Year 11 students at Abbey Grange Academy have been discovering and debating the interaction of science and faith during a conference called God and the Big Bang.
The all-day event included hands-on sessions with academics from universities all over the UK, focussing on a range of topics from chaos theory to dietetics and nutrition, allowing 90 students to explore the compatibility of science and faith.
The students said, "It made me think about how science and faith fit together in many ways" and "It was interesting to hear how different scientists believe in the Christian faith and how they connect it with science".
With the help of fast-moving, multi-media presentations, students looked at topics such as, ‘Big Bang, Big God: exploring the mysteries of the Universe’; ‘Earthquakes and Engineering: why do we care?’; and ‘Has science removed the need for God?’. Guest speakers included the Revd Dr Alison Morgan a writer for ‘ReSource’; Oxford and Edinburgh trained astrophysicist Dr Rachel Gilmour; earthquake geologist Tom Ingleby, a PhD student at Leeds; Naomi Brehm, a physics students from Durham; and Stephanie Bryant, Cambridge Natural Sciences graduate.
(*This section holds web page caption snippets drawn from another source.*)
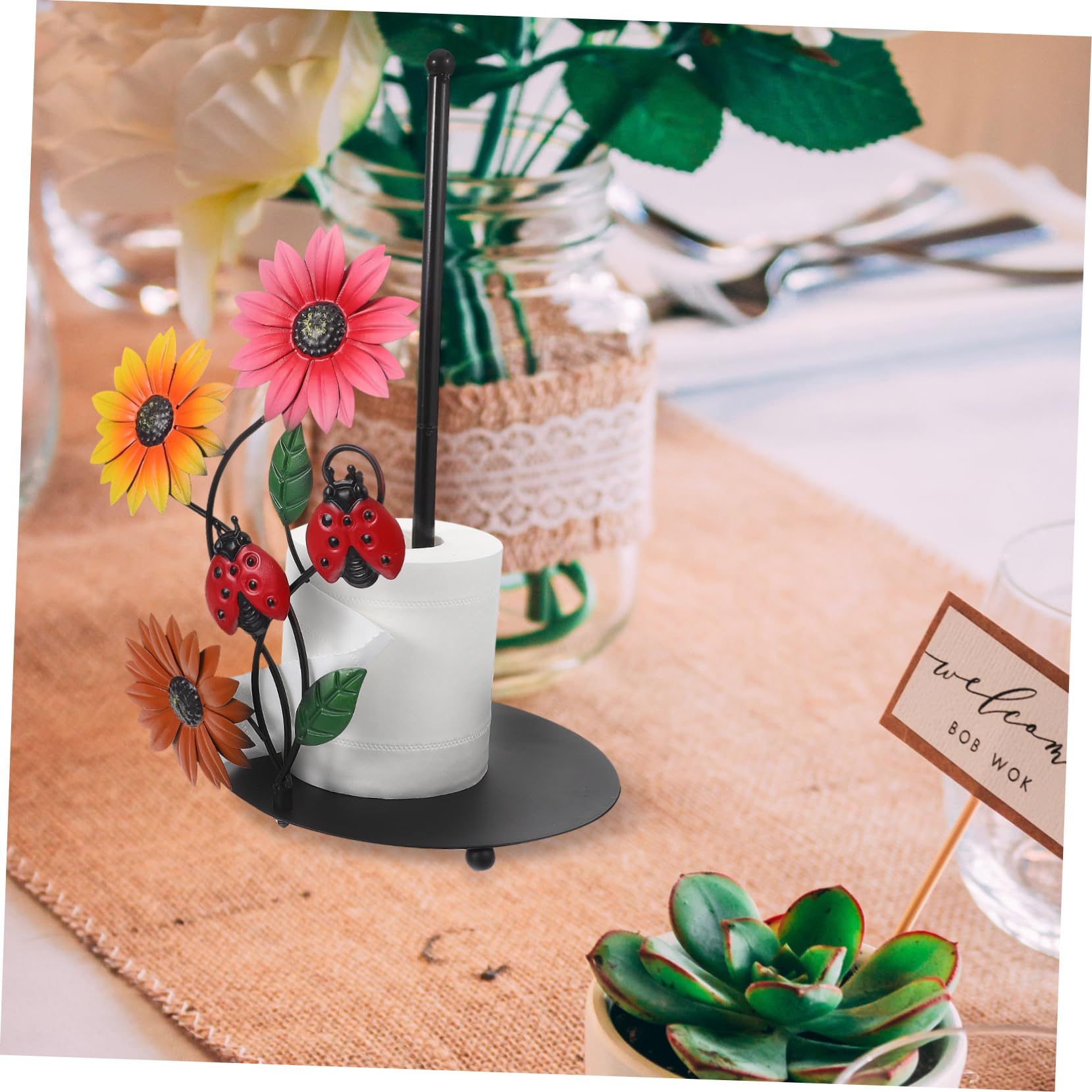 OSALADI Porta Rotolo di Carta Base Stabile a Forma di Girasole in Ferro Facile da Usare e Spostare, per Cucina e Decorazione Domestica
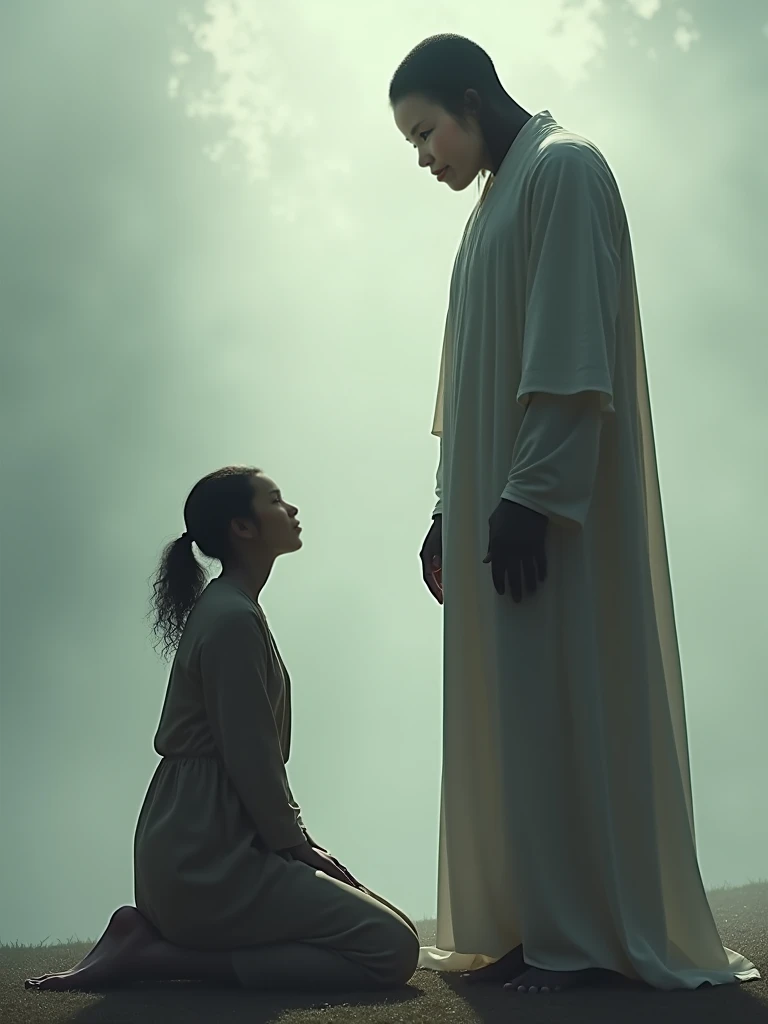 "Two characters meet: A thin man with short black hair, wearing a long cape and a black mask. Beside him stands another thin man in a black hoodie and pants with the hood over his head. They shake hands, side view. Both are minimalist characters, in 8k resolution, photorealistic style, cinematic lighting, with a melancholic atmosphere, dramatic shadows, and a muted color palette."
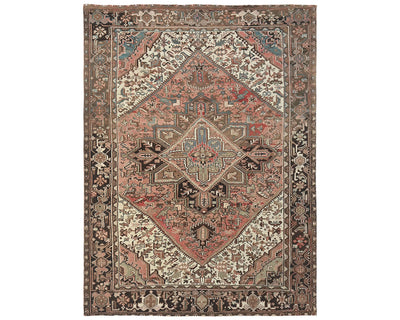 Alfombra de lana anudada a mano estilo persa terracota Heriz vintage de 8 x 11
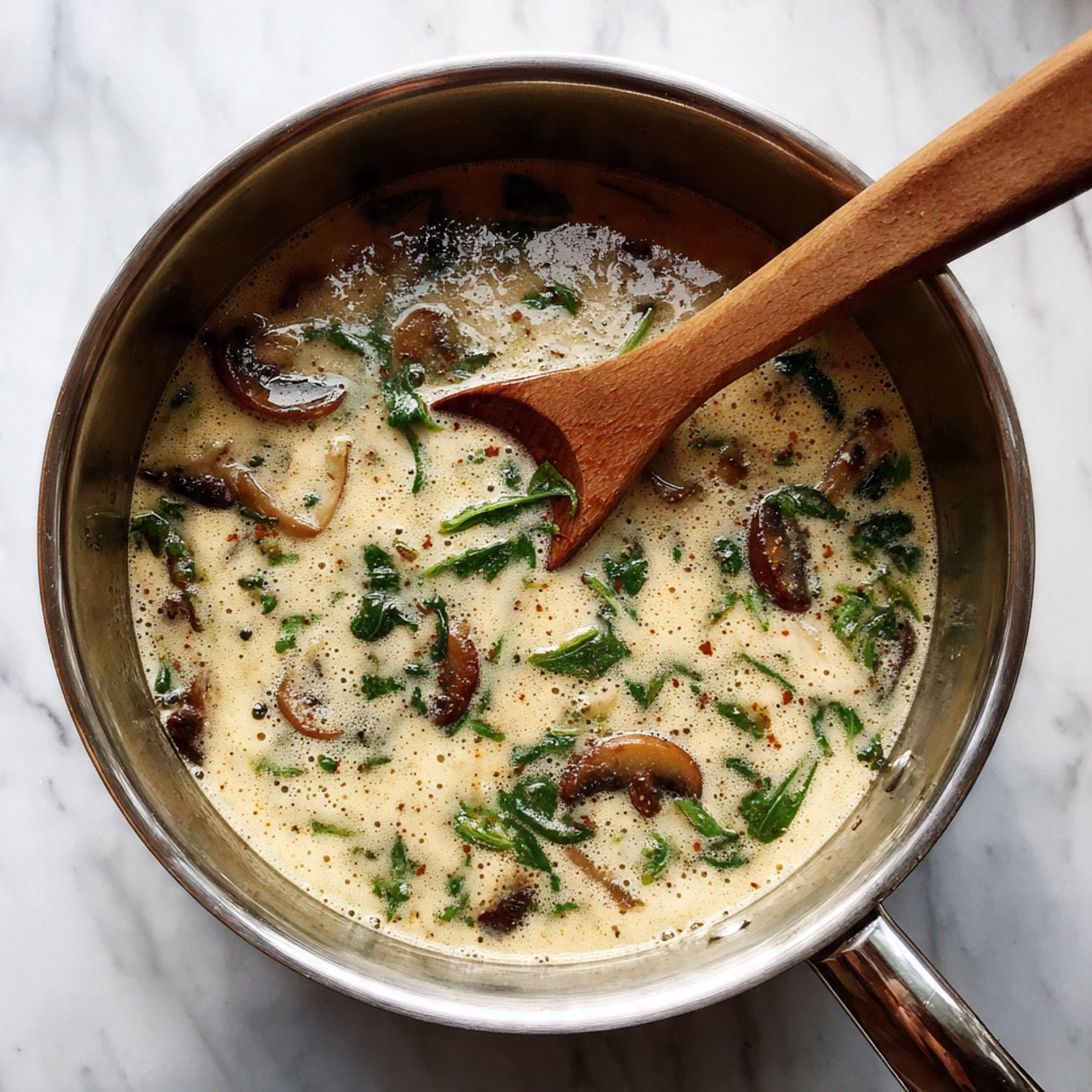 A shiny metal pot filled with a creamy light beige soup, with visible green leafy pieces and dark brown mushroom slices spread through the soup. The texture of the soup looks thick and smooth with small bubbles on the surface. A wooden spoon is placed inside the pot, partially submerged in the soup, and the pot sits on a white marbled surface. photo taken with an iphone --ar 4:5 --v 7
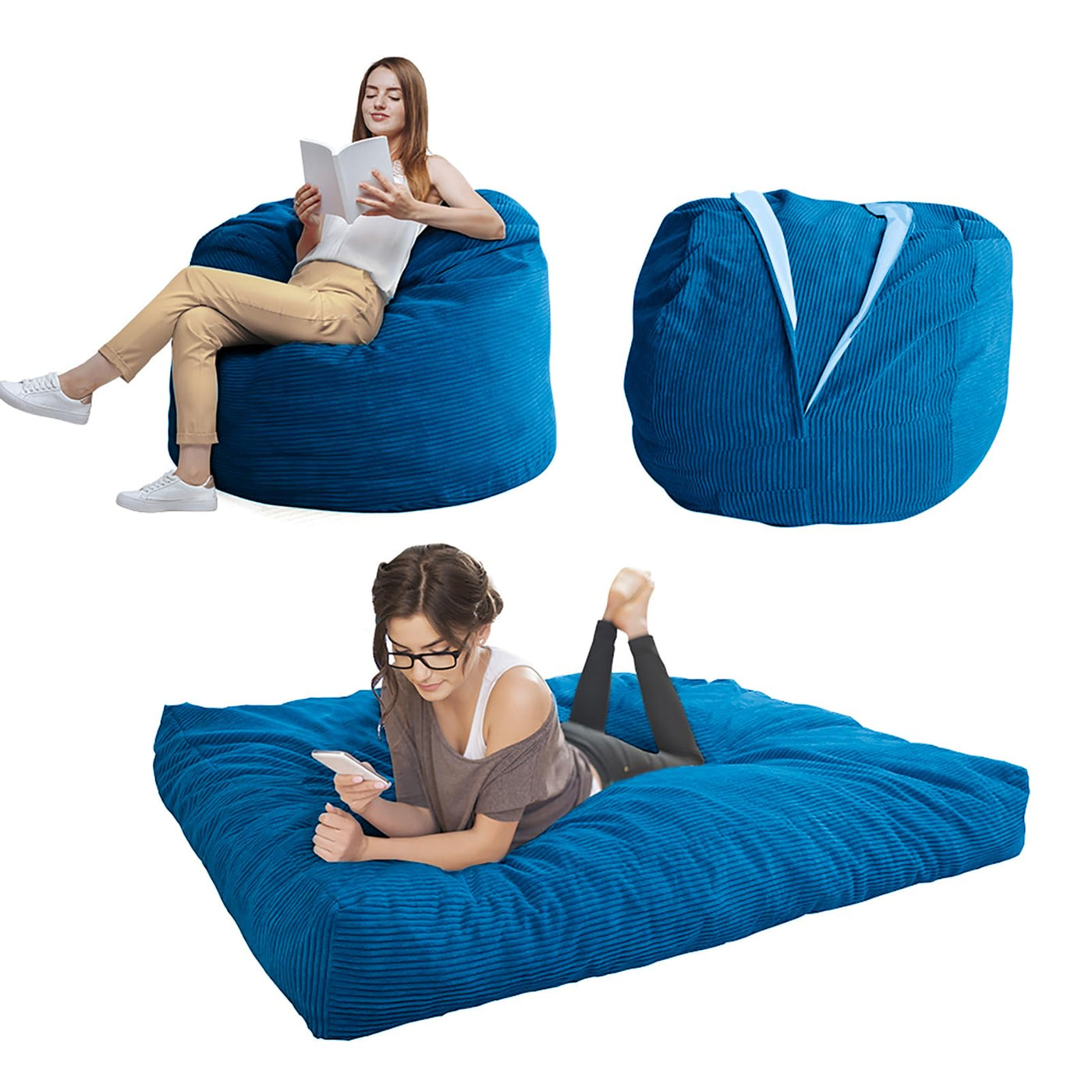 MAXYOYO Giant Bean Bag Chair Bed for Adults, Convertible Beanbag Folds from Lazy Chair to Floor Mattress Bed, Blue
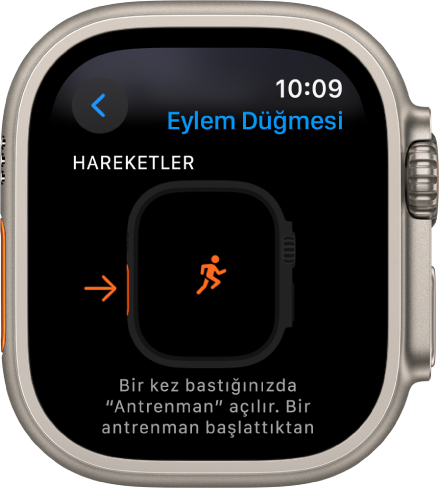Apple Watch Ultra’daki Eylem Düğmesi ekranı, atanan eylem ve uygulama olarak Antrenman’ı gösteriyor. Eylem düğmesine bir kez basıldığında Antrenman uygulaması açılır.
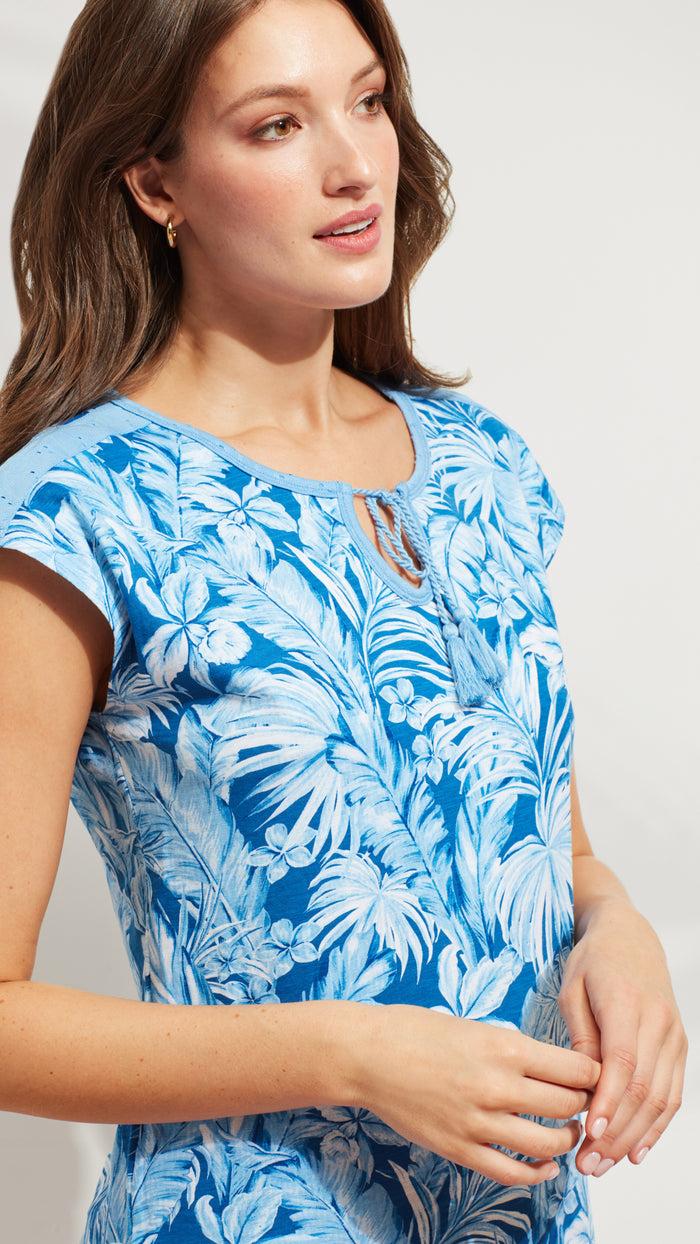 caribbean joe Embroidered Tassel T-Shirt Dress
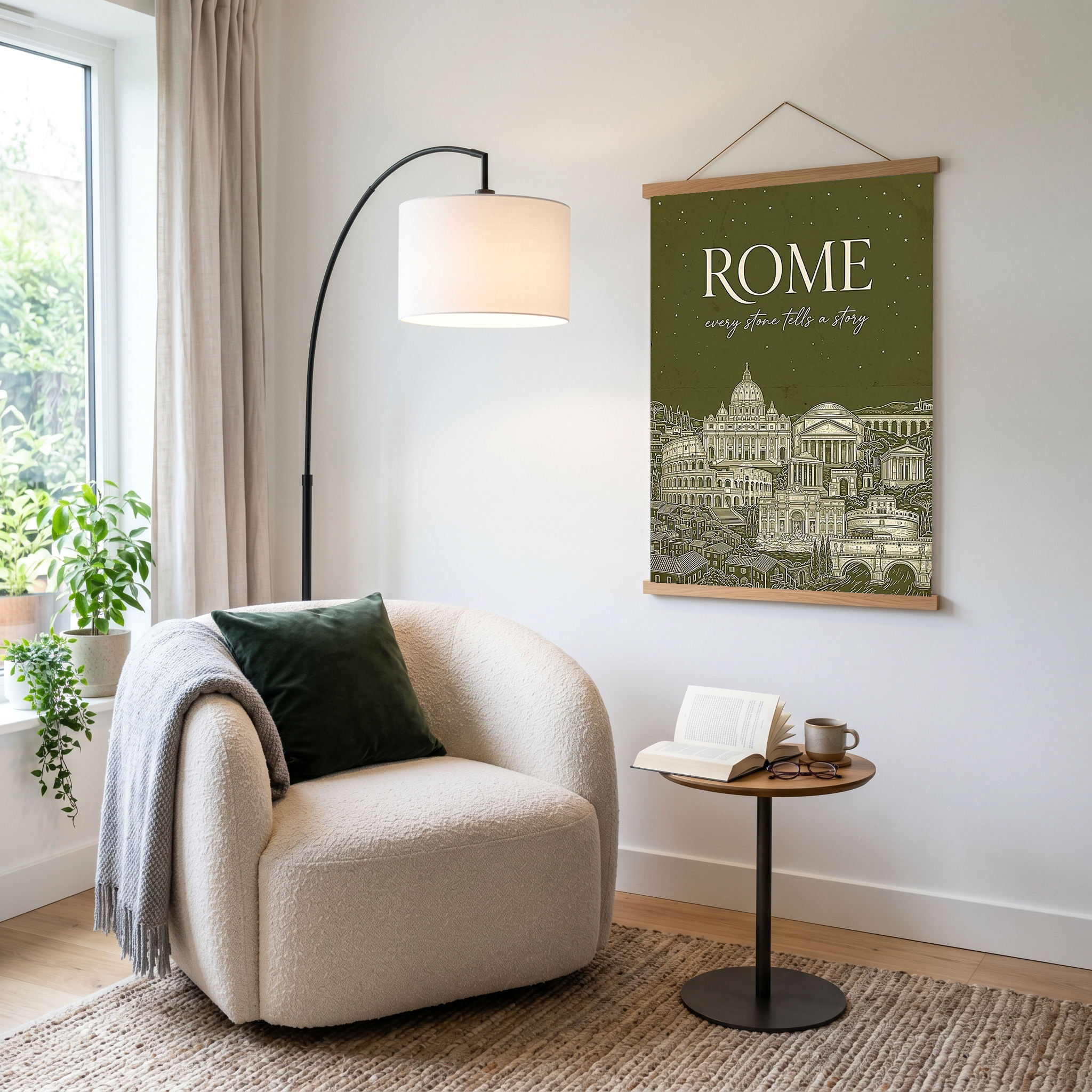 Rome Line Art Print — Olive Green Colosseum Vatican Skyline Wall Art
Students particularly enjoyed the chance to ask their own questions of the scientists. One said: ‘It gave us a chance to ask big questions that I’ve never had answered before’, another said, ‘The questions made me think about my own answers and made me contemplate everything I’ve learnt at church’.
School Chaplain Kay Brown said, ‘The day stimulated discussion and allowed for personal reflection. The Q+A session showed the depth of thinking by our students and proved a fantastic opportunity for them to hear from people who have spent serious amounts of time thinking about science and faith. Several myths were well and truly busted! I’d really recommend this for other high schools to build bridges across the curriculum’.
God and the Big Bang is an initiative of the Church of England (in collaboration with the Faraday Institute for Science and Religion, Christians in Science, and Reading University’s Institute of Education) to enable school students to critically explore contemporary thinking about science and faith. www.gatbb.co.uk
Contact: Kay Brown, email@example.com.
Findings of the LASAR (Learning About Science And Religion) project indicate that opportunities for young people with interests in science or religious studies to explore and learn about matters of science and faith are rare because students recognise that their science teachers often feel uncomfortable about addressing questions that relate to religion, and RE teachers often feel they are not sufficiently knowledgeable to respond to questions about science.
God and the Big Bang aims to address this issue by providing GCSE, AS and A level students, with an opportunity to discover, discuss and debate the compatibility of science and faith with globally renowned scientists and academics. The project seeks to equip young people with the tools they need in order to form their own opinions and engage in rational, well-reasoned and thought-provoking discussion about the interaction of science and religion.